- Problem requirements -
Return only the lines running from the one that contains "41537591 ������� ����, 40" through the end of the entries, exactly, both ends included. Omit pictures.

- Records supplied -
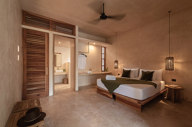 Casonaloscedrosroom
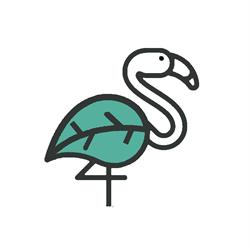 Les flamants verts, Marseille - Horaires d'ouverture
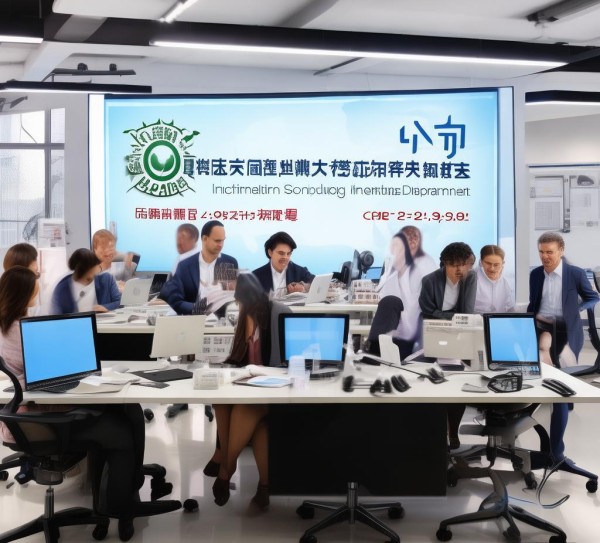 广安信息咨询服务部电话，助力企业数字化转型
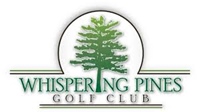 Whispering Pines Golf Club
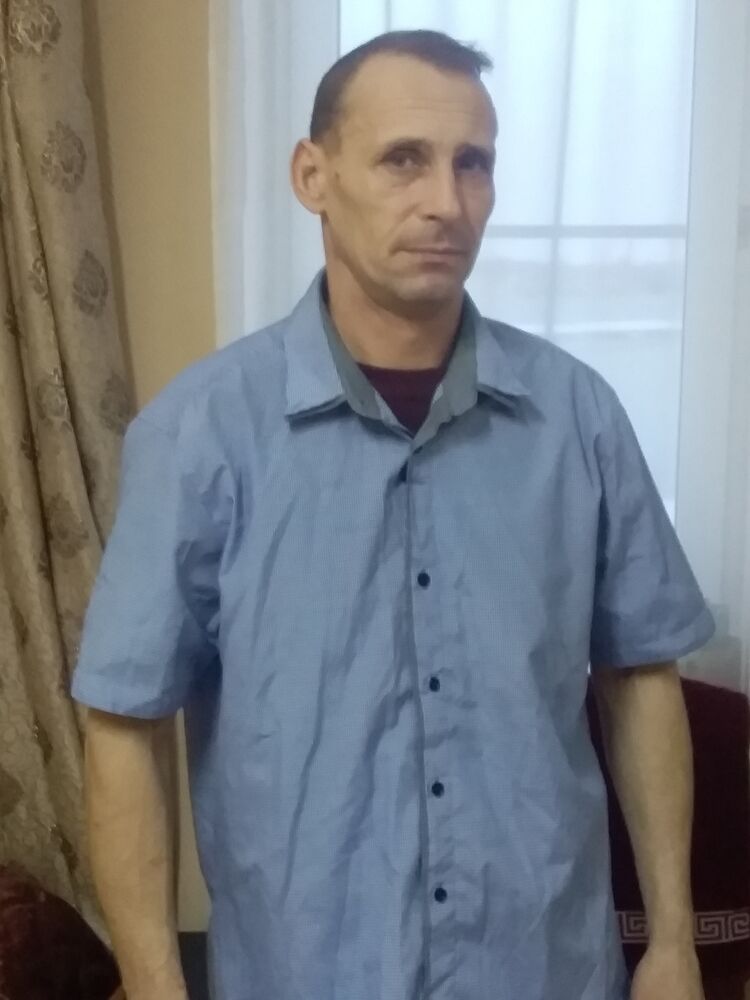 ���� 41537591 ������� ����, 40 ���, ���� ���������� � ������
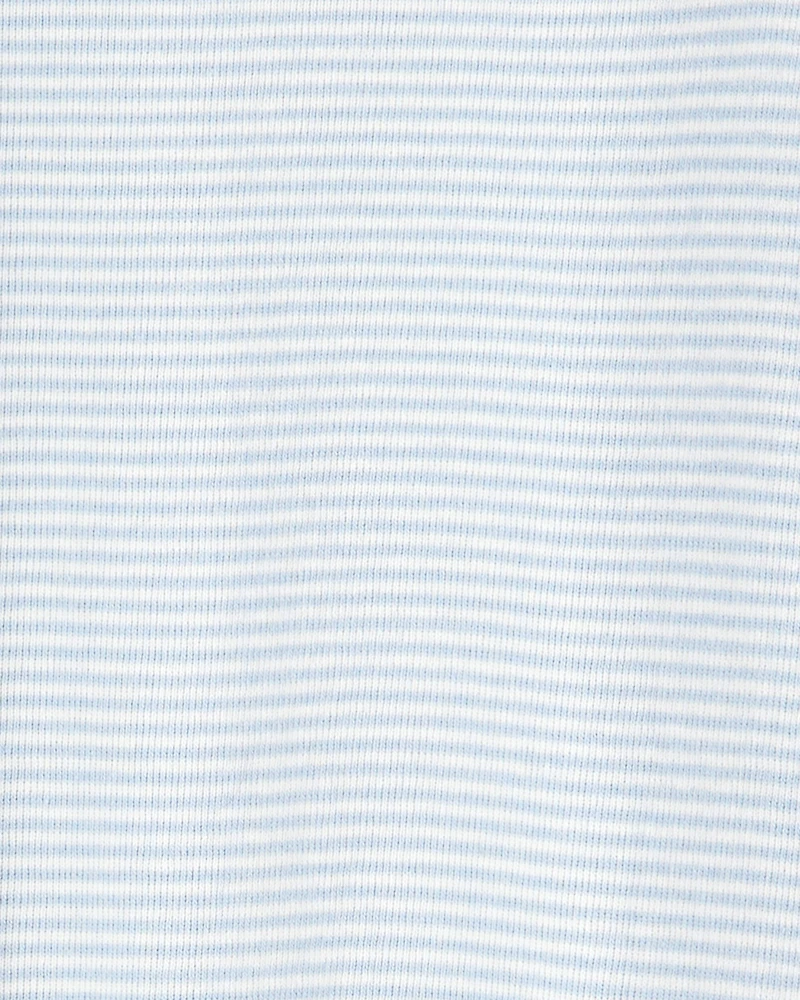 Baby 2-Pack Sleeper Gowns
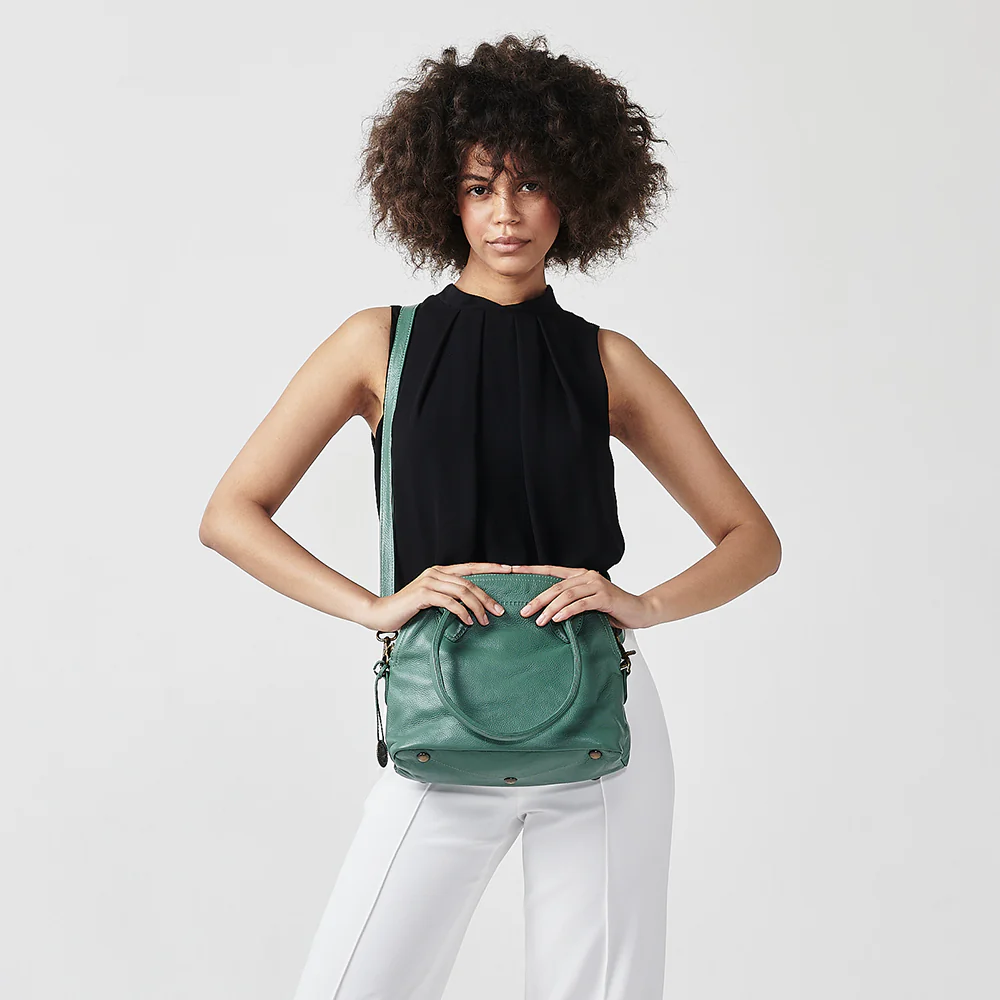Product image 155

- Your solution -
 ���� 41537591 ������� ����, 40 ���, ���� ���������� � ������
 Baby 2-Pack Sleeper Gowns
Product image 155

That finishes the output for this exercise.